Exploiting Term Sparsity in Moment-SOS hierarchy for Dynamical Systems

TL;DR

This paper extends the term sparsity sum-of-squares (TSSOS) algorithm to dynamical systems, enabling more efficient computation for stability and attractor analysis while maintaining theoretical guarantees.

Contribution

It introduces a dynamical system version of TSSOS that exploits algebraic structure for scalable SOS-based analysis of dynamical systems.

Findings

Significant computational savings demonstrated.
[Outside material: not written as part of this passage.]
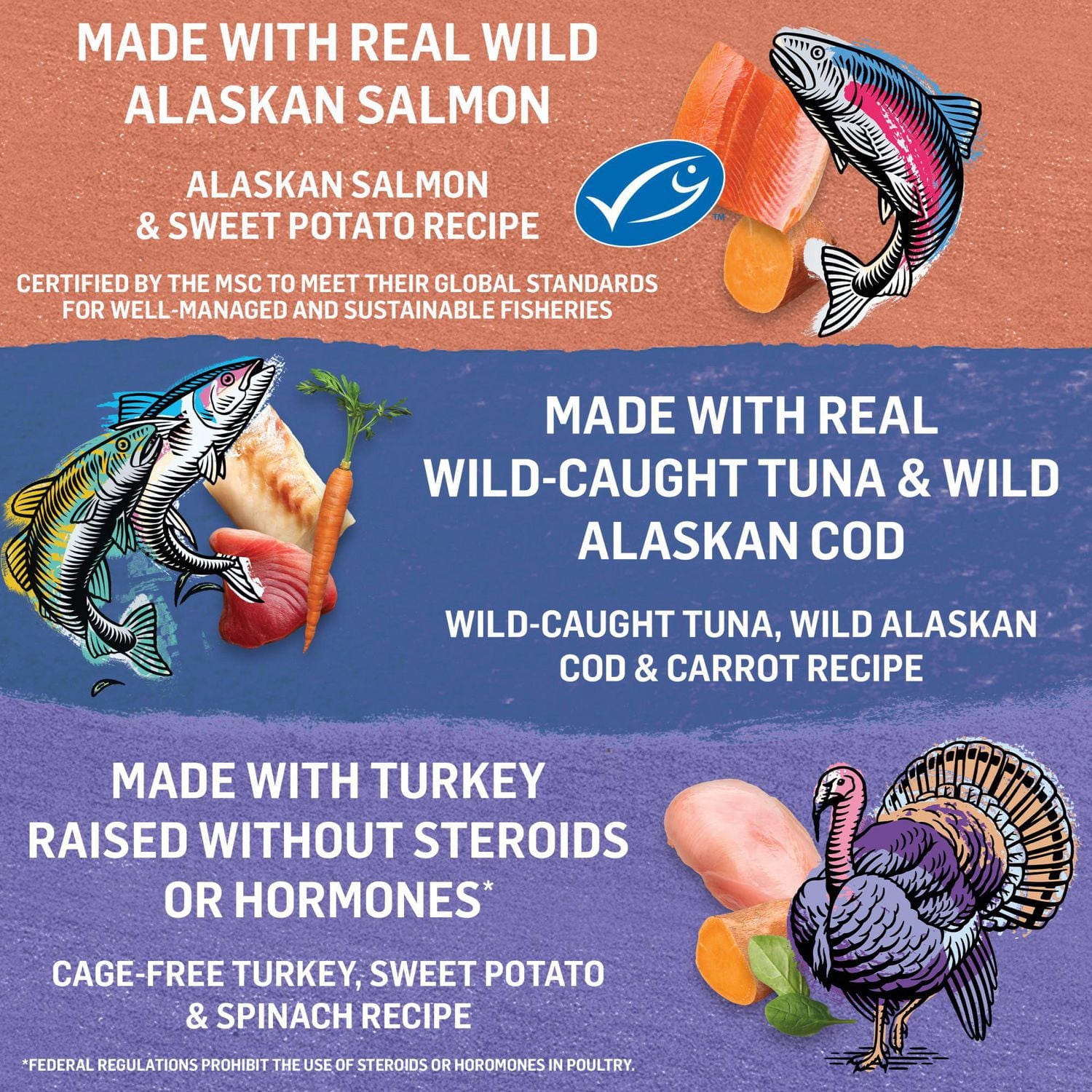 Beyond in Gravy Variety Pack Turkey, Salmon, Tuna, Cod, Wet Cat Food 12 x 85 g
Preserves convergence guarantees.

Effective in analyzing regions of attraction and invariant sets.

Abstract

In this paper, we develop a dynamical system counterpart to the term sparsity sum-of-squares (TSSOS) algorithm proposed for static polynomial optimization. This allows for computational savings and improved scalability while preserving convergence guarantees when sum-of-squares methods are applied to problems from dynamical systems, including the problems of approximating region of attraction, the maximum positively invariant set, and the global attractor. At its core, the method exploits the algebraic structure of the data, thereby complementing existing methods that exploit causality relations among the states of the dynamical system. The procedure encompasses sign symmetries of the dynamical system as was already revealed for polynomial optimization. Numerical examples demonstrate the efficiency of the approach in the presence of this type of sparsity.